7. Scaling & Performance
One of the main advantages of running on a platform like Build.io is that scaling doesn't mean provisioning servers. You scale by adjusting dyno counts and sizes, and the platform handles the rest—load balancing, container placement, and traffic distribution all happen automatically.
This section covers how to scale your application and how to get the most out of the resources you're paying for.
7.1 Horizontal scaling (adding instances)
Horizontal scaling means running more dynos of the same type. Each additional dyno is an independent container running your code, and Build's router distributes incoming requests across all of them.
Scaling Dynos
From the dashboard, navigate to your app's Resources tab. Adjust the dyno count for each process type (web, worker, etc.) using the slider or input field.
From the CLI:
$ bld ps:scale web=3 -a my-app
Scaling dynos... done, now running web at 3
To check your current formation:
$ bld ps:list -a my-app
When to Scale Horizontally
Horizontal scaling is the right move when your dynos are handling too many concurrent requests and response times are climbing. Common signals include rising request queue times, increasing latency under load, and timeout errors.
Adding dynos helps when your application is I/O-bound—waiting on database queries, external API calls, or file operations. Each dyno can handle requests independently while others are blocked on I/O.
Horizontal scaling is less effective if every individual request is CPU-bound and slow. In that case, either optimize the work being done per request or consider vertical scaling.
Scaling to Zero
You can scale a process type to zero dynos if you want to stop it temporarily without removing the process from your formation. This is useful during maintenance or when you want to pause background workers without destroying their configuration.

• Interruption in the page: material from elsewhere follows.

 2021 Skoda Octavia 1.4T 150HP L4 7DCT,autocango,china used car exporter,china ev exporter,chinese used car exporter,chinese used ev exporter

$ bld ps:scale web=0 -a my-app
Scale it back up whenever you're ready. Config vars, add-ons, and the rest of your app remain untouched.
7.2 Vertical scaling (instance sizes)
Vertical scaling means moving to larger dyno sizes with more memory and CPU. Rather than adding more instances, you give each instance more resources.
Dyno Sizes
Build offers several dyno sizes to match your application's resource requirements. Smaller sizes are suitable for development, staging, and low-traffic production apps. Larger sizes provide more memory and compute for resource-intensive workloads.
You can adjust the dyno size from the Resources tab of an App.
When to Scale Vertically
Vertical scaling is the right approach when your dynos are running out of memory or when individual requests need more CPU time to complete.
Memory pressure — If your dynos are being restarted due to memory limits, you need a larger dyno size. Common causes include memory leaks, large in-memory data structures, or simply running a memory-hungry runtime.
CPU-bound work — If individual requests are slow because they involve heavy computation (image processing, report generation, data transformation), a larger dyno with more CPU capacity will help. Keep in mind that this is usually better handled by offloading the work to a background worker dyno, which can be sized independently of your web dynos.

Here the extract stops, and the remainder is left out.